Human Rights Watch's report describes the experiences of young girls and women who undergo genital mutilation and the terrible toll it has on their physical and mental health. The report includes interviews with girls and women who referred to the practice as "sunnah," a non-obligatory act to strengthen one's religion. Human Rights Watch found that women are confused about whether the practice is a religious obligation.
On July 6, 2010, The High Committee for Issuing Fatwas at the Kurdistan Islamic Scholars Union, the highest Muslim religious authority in Iraqi Kurdistan on religious pronouncements and rulings, issued a fatwa, or religious edict, shortly after the release of Human Rights Watch's report. The fatwa stated that female genital mutilation predates Islam and is not required by it. The fatwa did not explicitly ban the practice but encouraged parents not to have the procedure performed on their daughters because of the negative health consequences.
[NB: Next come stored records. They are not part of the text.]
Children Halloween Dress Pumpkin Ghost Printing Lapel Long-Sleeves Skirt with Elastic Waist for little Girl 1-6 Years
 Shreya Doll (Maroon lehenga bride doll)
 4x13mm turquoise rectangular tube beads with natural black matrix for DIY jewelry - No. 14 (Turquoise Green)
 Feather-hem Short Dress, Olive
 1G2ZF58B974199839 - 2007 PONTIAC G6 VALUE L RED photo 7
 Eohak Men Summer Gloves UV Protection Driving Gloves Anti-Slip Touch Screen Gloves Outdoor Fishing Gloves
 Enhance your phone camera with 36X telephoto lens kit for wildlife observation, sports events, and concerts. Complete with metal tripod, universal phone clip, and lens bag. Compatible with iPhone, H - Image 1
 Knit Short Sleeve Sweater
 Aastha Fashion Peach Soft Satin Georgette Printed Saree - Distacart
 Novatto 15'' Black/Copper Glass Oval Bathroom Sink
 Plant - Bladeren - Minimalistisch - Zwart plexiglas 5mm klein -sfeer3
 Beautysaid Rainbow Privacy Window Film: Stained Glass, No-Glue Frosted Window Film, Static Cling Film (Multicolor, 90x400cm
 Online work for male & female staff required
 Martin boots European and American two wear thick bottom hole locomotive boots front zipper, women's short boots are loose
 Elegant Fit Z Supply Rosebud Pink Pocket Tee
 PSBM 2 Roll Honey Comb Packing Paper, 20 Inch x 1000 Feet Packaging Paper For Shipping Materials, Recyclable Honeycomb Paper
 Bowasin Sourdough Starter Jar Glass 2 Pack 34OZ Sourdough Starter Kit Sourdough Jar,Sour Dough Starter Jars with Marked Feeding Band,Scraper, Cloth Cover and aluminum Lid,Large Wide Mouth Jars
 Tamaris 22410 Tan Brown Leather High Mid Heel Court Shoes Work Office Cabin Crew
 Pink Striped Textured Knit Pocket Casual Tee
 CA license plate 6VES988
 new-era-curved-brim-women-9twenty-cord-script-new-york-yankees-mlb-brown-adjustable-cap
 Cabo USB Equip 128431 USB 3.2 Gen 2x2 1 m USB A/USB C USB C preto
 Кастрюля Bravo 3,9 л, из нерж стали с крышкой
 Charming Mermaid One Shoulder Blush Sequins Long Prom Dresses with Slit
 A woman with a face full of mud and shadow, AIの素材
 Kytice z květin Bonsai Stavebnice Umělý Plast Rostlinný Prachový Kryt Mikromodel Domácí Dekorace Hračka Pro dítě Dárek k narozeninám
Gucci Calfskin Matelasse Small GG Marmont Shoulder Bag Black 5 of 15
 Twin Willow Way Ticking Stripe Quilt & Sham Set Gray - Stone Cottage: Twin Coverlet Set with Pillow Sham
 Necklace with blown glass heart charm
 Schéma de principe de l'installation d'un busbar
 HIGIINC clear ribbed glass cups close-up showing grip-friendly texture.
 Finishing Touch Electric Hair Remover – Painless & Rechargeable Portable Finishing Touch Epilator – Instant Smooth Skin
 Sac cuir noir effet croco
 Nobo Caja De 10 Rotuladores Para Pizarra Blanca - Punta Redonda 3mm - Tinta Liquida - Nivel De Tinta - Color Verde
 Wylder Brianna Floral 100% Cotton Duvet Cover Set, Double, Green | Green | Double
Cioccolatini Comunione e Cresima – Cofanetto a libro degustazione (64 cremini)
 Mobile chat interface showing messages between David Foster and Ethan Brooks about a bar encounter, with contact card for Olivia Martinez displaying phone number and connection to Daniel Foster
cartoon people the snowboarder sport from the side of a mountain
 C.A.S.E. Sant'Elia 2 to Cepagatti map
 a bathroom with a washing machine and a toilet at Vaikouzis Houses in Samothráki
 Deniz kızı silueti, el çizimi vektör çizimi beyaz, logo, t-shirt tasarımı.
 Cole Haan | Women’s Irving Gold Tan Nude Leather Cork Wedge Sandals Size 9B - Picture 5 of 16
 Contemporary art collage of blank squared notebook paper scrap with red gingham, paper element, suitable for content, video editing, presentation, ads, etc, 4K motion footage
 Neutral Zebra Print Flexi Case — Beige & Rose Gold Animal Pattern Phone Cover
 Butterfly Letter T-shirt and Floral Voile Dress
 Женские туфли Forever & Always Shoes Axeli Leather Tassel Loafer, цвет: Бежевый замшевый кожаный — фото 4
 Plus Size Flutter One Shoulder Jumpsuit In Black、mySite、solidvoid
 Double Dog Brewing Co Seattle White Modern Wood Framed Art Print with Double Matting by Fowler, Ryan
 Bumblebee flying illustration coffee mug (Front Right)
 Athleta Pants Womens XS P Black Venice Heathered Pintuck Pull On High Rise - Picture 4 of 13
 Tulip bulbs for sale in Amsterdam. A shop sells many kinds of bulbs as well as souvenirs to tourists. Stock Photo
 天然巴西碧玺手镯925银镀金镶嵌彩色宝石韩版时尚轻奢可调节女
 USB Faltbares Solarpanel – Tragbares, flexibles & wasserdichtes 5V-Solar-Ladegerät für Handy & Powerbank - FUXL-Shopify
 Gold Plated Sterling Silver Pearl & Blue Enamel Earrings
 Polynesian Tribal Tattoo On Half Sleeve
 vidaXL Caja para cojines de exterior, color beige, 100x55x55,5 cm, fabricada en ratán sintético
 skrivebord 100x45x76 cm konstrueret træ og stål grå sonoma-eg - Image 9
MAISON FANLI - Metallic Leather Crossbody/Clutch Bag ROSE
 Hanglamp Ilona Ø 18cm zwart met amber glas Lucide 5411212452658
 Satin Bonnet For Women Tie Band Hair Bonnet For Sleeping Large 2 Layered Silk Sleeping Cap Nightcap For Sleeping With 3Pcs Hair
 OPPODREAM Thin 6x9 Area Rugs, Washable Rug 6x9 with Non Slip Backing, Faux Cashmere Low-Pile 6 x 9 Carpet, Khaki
In 2010, the Association for Crisis Assistance and Development Co-operation (WADI), a German-Iraqi human rights nongovernmental organization, published a statistical study on the prevalence of the practice in Arbil, Sulaimaniya, and the Germian/Kirkuk region. It found that out of the 1,408 girls and women age 14 and over it interviewed, 72.7 percent had undergone the practice. For the 12 to 24 age group, the prevalence was slightly over 40 percent.
Shortly after the Human Rights Watch report was issued, the Kurdistan Health Ministry surveyed 5,000 women and girls and found that 41 percent had undergone the procedure, and that the practice is prevalent in some regions than others in Kurdistan. The ministry found, for example, that the rate was higher in Sulaimaniya than in Arbil.
Female genital mutilation violates the rights of women to life, health and bodily integrity, non-discrimination and the right not to be subjected to cruel, inhuman and degrading treatment. In addition, since the practice predominantly affects girls under 18, it also violates children's rights to health, life, physical integrity, and non-discrimination.
"Once the ban is in effect, government agencies should widely disseminate information on the new law making sure it reaches women and girls at risk of FGM," Khalife said. "Everyone should now know that the mutilation of girls is prohibited."